What you should end up with is an exact copy of the lines from the one holding "LED Fog & Driving Lights10661" through the last line of the entries below, both included, and nothing else; leave every picture out.

── INPUT DATA ──

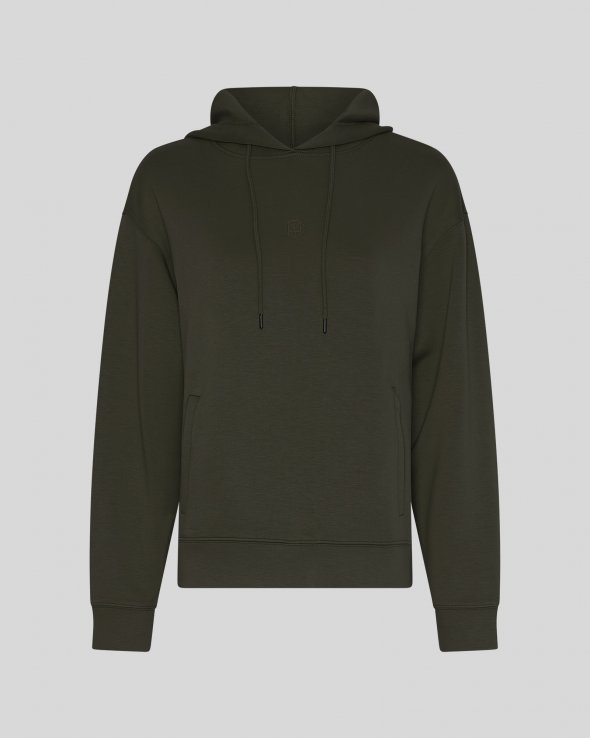 MSCH Copenhagen - MSCHIma Q Icon Hood Sweatshirt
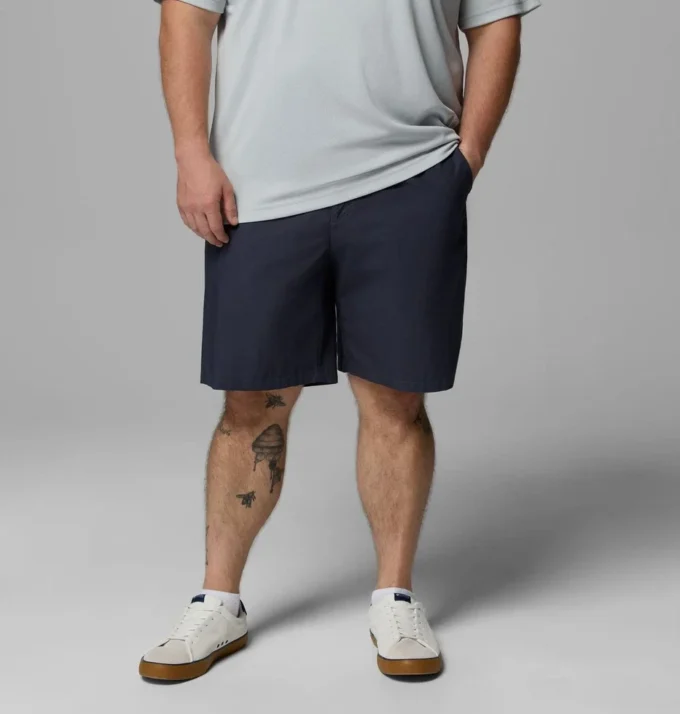 Pantaloncini da uomo Washed Out™ – Taglia grande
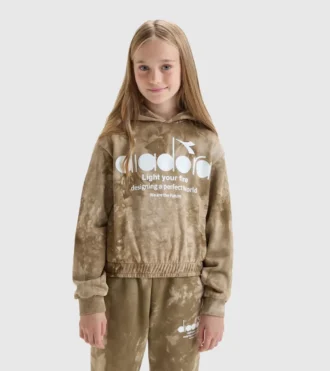 Jg.Hoodie Ao D Tie-dye Hoodie – Girl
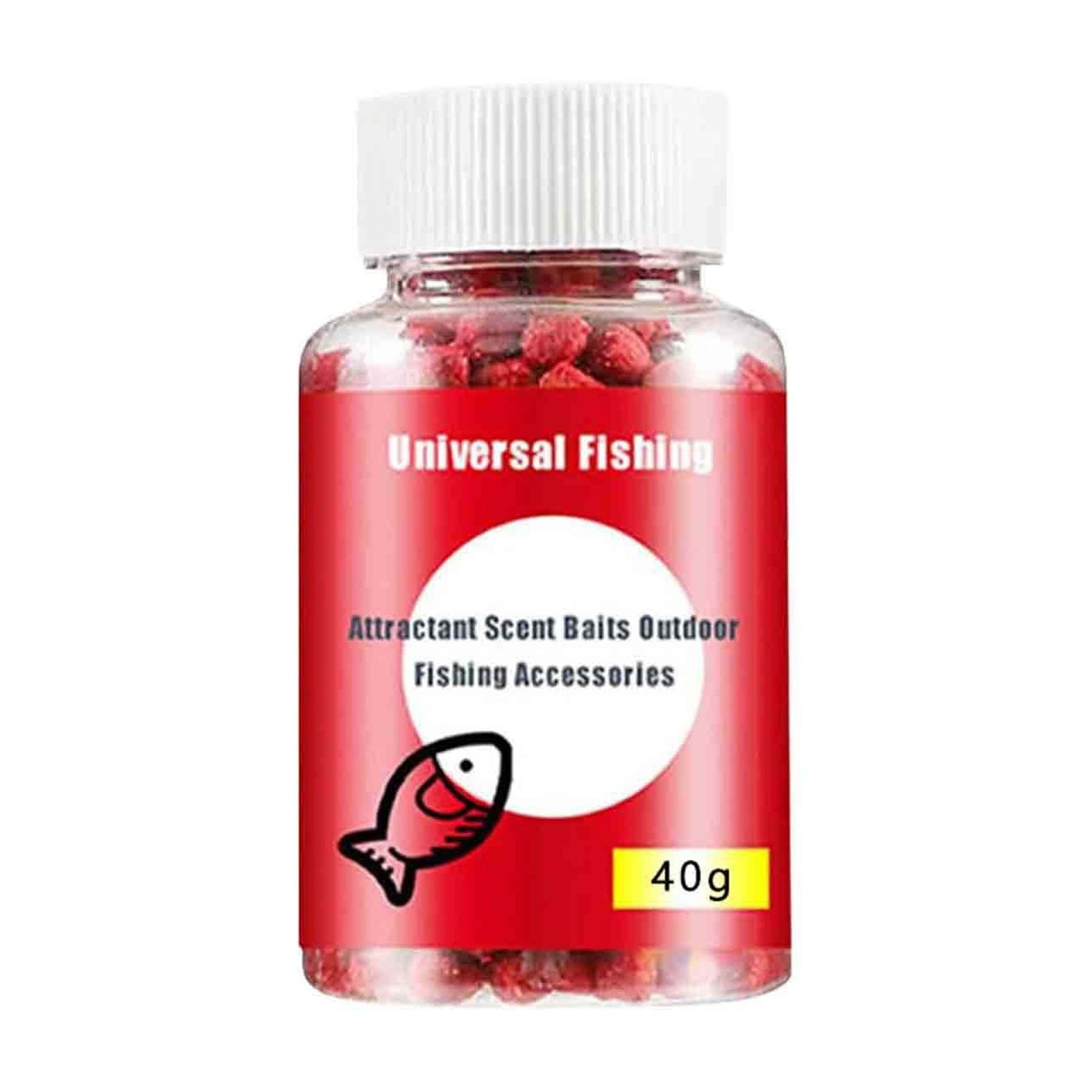 Natural Bait Scent Fish Attractants for Baits, Universal Fishing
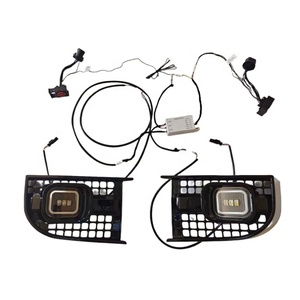 LED Fog & Driving Lights10661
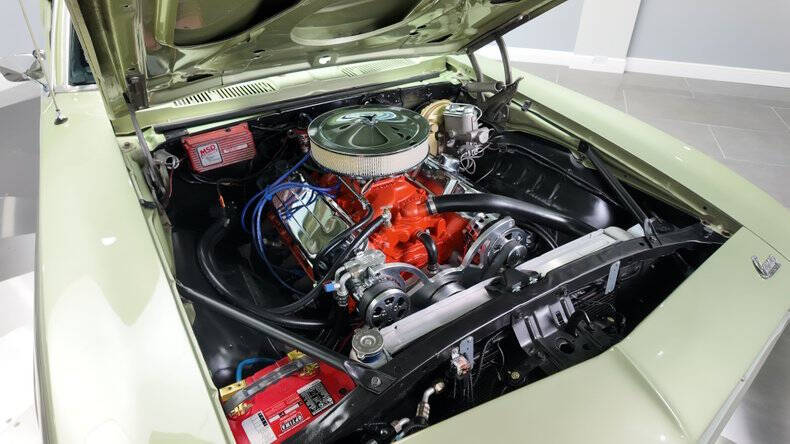 1969 Chevrolet Camaro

───

▶ **RESPONSE**:
 LED Fog & Driving Lights10661
 1969 Chevrolet Camaro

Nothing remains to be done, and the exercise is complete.